BEGIN
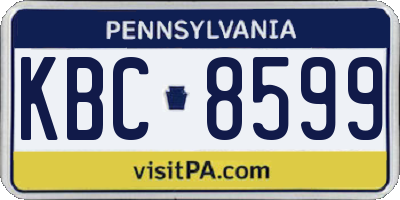PA license plate KBC8599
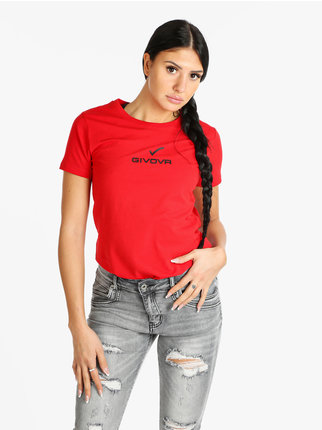 Damen-Kurzarm-T-Shirt mit Rundhalsausschnitt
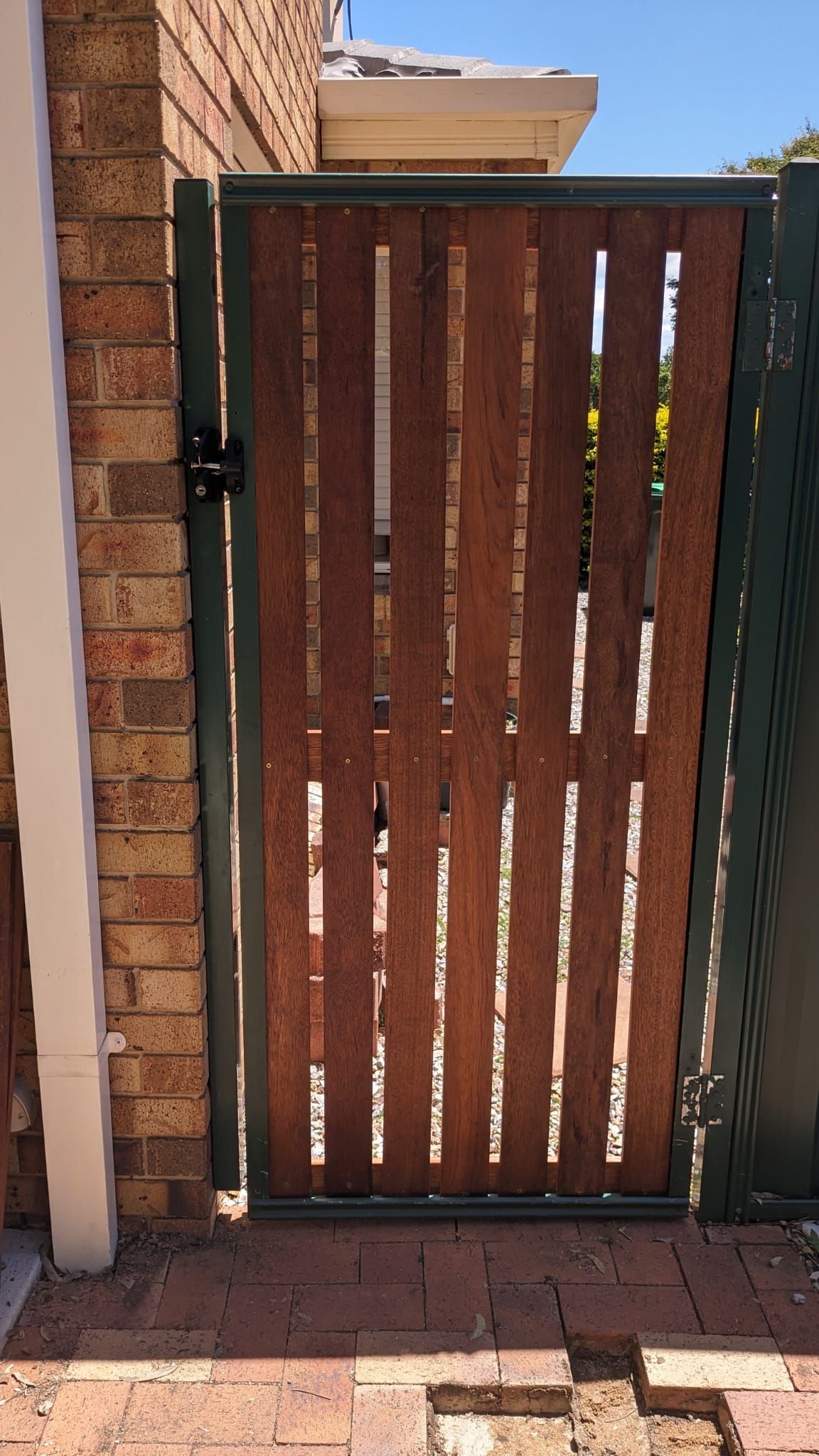 How to cover a Colorbond fence with timb... Bunnings community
END
All of the data above needs to be given again exactly. Leave out each image.

PA license plate KBC8599
 Damen-Kurzarm-T-Shirt mit Rundhalsausschnitt
 How to cover a Colorbond fence with timb... Bunnings community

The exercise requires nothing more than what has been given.